[Opening INFORMATION SUPPLIED section]

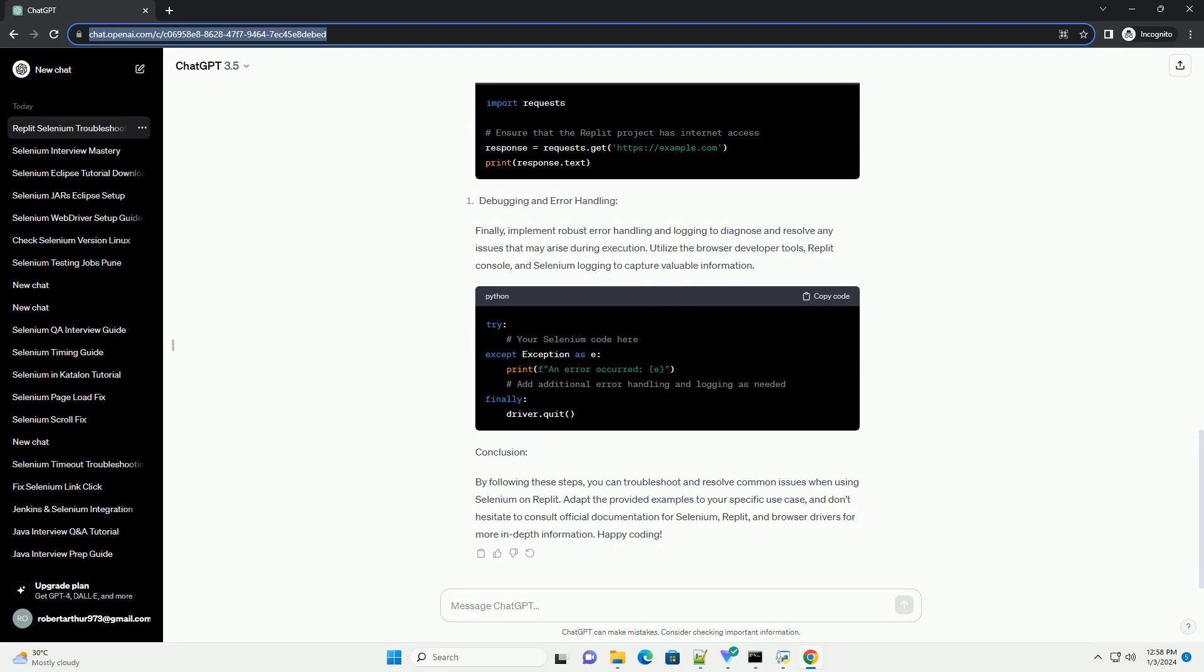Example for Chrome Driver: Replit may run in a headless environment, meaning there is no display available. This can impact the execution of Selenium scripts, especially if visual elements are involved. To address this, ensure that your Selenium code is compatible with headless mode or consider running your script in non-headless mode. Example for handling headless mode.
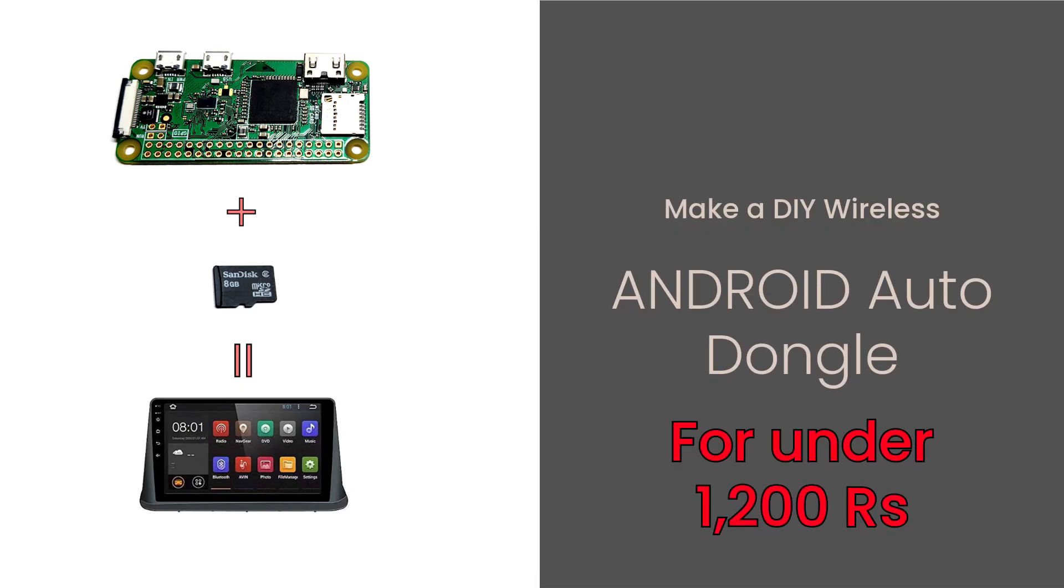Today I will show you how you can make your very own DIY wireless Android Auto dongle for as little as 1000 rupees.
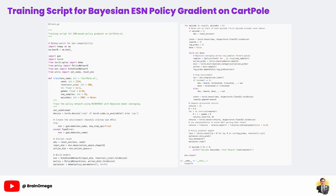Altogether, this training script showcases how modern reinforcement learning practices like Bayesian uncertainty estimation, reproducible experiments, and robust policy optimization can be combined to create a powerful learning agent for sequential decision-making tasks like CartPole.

[Closing INFORMATION SUPPLIED section]

THE TASK: Working from the line containing "Today I will" to the last line of the data, retype every line exactly, both ends included, and leave out all pictures.

COMPLETED EXERCISE:
Today I will show you how you can make your very own DIY wireless Android Auto dongle for as little as 1000 rupees.
Altogether, this training script showcases how modern reinforcement learning practices like Bayesian uncertainty estimation, reproducible experiments, and robust policy optimization can be combined to create a powerful learning agent for sequential decision-making tasks like CartPole.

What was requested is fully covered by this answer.